- Theatrical release poster
- Directed by: John Ainsworth
- Written by: Christopher Davis
- Produced by: Michael Williams
- Starring: Keenan Wynn Mai Zetterling Ronald Howard
- Cinematography: Steven Dade
- Edited by: Tristam Cones
- Production company: Pinewood Studios
- Release date: March 1963;
- Running time: 80 minutes
- Country: United Kingdom
- Language: English

= The Bay of St Michel =

1963 British film by John Ainsworth

The Bay of St Michel (also known as The Bay of Saint Michael, Pattern for Plunder and Operation Mermaid ) is a 1963 British second feature ('B') film directed by John Ainsworth and starring Keenan Wynn, Mai Zetterling, Ronald Howard and Rona Anderson.

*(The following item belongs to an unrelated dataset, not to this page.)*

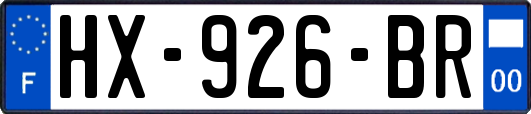 HX-926-BR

It was written by Christopher Davis.

==Plot==
A trio of World War 2 veterans reunite to search for a lost Nazi fortune.

==Cast==

- Keenan Wynn as Nick Rawlings
- Mai Zetterling as Helene Bretton
- Ronald Howard as Bill Webb
- Rona Anderson as Pru Lawson
- Trader Faulkner as Dave Newton
- Victor Beaumont as man in the 'Boîte d'Or'
- Michael Peake as Captain Starkey
- Rudolph Offenbach as Father Laurent
- Paul Bogdan as General von Kreisling
- Rita Webb as Mrs Johnson, the landlady
- Murray Kash as boorish man
- Mike Jenkinson as drunken sailor
- Harvey Hall as SS officer
- Sidney Gross as barman
- Patrick Darren as Stuart
- Sally Aylward as barmaid
- Michael Landeau as French officer
- Edward Underdown as Colonel Harvey

== Reception ==
The Monthly Film Bulletin wrote: "An unsophisticated but quickly-moving little adventure melodrama on a hackneyed theme, which is well enough acted and has the advantage of some good location work. It owes much to its ingenious script, contrived and rather too dependent on coincidence though it be; speed, surprise and the sudden twist at the end largely help to cover these deficiencies."

Leslie Halliwell said: "Uninspired hokum programmer."

The Radio Times Guide to Films gave the film 2/5 stars, calling it an "unassuming little thriller."